Data provided ▸

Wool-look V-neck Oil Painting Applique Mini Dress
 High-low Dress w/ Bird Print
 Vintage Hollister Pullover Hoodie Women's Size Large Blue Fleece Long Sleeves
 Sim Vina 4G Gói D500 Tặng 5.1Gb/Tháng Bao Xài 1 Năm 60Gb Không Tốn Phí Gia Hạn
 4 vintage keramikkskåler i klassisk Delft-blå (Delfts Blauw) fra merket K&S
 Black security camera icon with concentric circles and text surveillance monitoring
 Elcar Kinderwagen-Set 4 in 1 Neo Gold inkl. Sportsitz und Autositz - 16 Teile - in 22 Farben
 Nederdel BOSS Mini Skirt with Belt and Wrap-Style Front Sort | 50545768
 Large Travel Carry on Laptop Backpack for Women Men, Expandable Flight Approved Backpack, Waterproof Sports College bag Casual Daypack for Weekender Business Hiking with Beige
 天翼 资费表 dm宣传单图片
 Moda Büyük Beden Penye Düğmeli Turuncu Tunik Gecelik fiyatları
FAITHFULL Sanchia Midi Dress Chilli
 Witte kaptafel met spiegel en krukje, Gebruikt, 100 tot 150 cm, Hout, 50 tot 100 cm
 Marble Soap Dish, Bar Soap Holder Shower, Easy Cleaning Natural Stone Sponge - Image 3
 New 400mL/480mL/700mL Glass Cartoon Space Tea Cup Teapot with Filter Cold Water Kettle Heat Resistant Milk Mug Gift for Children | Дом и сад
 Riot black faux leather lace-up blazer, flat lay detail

Brief ▸
All entries should be restated word for word.

Final answer ▸
Wool-look V-neck Oil Painting Applique Mini Dress
 High-low Dress w/ Bird Print
 Vintage Hollister Pullover Hoodie Women's Size Large Blue Fleece Long Sleeves
 Sim Vina 4G Gói D500 Tặng 5.1Gb/Tháng Bao Xài 1 Năm 60Gb Không Tốn Phí Gia Hạn
 4 vintage keramikkskåler i klassisk Delft-blå (Delfts Blauw) fra merket K&S
 Black security camera icon with concentric circles and text surveillance monitoring
 Elcar Kinderwagen-Set 4 in 1 Neo Gold inkl. Sportsitz und Autositz - 16 Teile - in 22 Farben
 Nederdel BOSS Mini Skirt with Belt and Wrap-Style Front Sort | 50545768
 Large Travel Carry on Laptop Backpack for Women Men, Expandable Flight Approved Backpack, Waterproof Sports College bag Casual Daypack for Weekender Business Hiking with Beige
 天翼 资费表 dm宣传单图片
 Moda Büyük Beden Penye Düğmeli Turuncu Tunik Gecelik fiyatları
FAITHFULL Sanchia Midi Dress Chilli
 Witte kaptafel met spiegel en krukje, Gebruikt, 100 tot 150 cm, Hout, 50 tot 100 cm
 Marble Soap Dish, Bar Soap Holder Shower, Easy Cleaning Natural Stone Sponge - Image 3
 New 400mL/480mL/700mL Glass Cartoon Space Tea Cup Teapot with Filter Cold Water Kettle Heat Resistant Milk Mug Gift for Children | Дом и сад
 Riot black faux leather lace-up blazer, flat lay detail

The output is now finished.